Step S28: The path extractor 140 identifies information related to the output process. Specifically, the path extractor 140 identifies the name of the data table to be updated, the type of update process to be performed on the data table (addition or updating or deletion of a record), and the names of fields to be written. Also, the path extractor 140 specifies the name of an inherited field, that is, the name of a field whose value is acquired in the input process and is used in the output process. Then, the path extractor 140 generates path information including the information about the input process and branching control held thereby and the information about the output process identified thereby, and stores the generated path information in the path information storage 150. The held information is thereafter discarded, whereupon the process proceeds to Step S29.

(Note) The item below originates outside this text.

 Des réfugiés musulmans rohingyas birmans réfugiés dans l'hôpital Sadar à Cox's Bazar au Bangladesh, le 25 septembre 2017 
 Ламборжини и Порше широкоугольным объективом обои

Step S29: The path extractor 140 determines whether or not there is an instruction to be selected next in order of execution. Namely, it is determined whether or not the currently traced path has reached the end of the business program. If there is an instruction to be selected next, the process proceeds to Step S22; if not, the process proceeds to Step S30.

Step S30: The path extractor 140 determines whether or not there is a branch path not selected yet in Step S26. Namely, it is determined whether or not there is another processing path in the main program selected in Step S21. If there is a branch path not selected yet, the process proceeds to Step S31; if there is no unselected branch path, the process proceeds to Step S32.

Step S31: The path extractor 140 returns to the beginning of the main program selected in Step S21, and then the process proceeds to Step S22.

Step S32: The path extractor 140 determines whether or not there is a main program not selected yet in Step S21. If there is a main program not selected yet, the process proceeds to Step S21; if all main programs have been selected, the path extraction process ends.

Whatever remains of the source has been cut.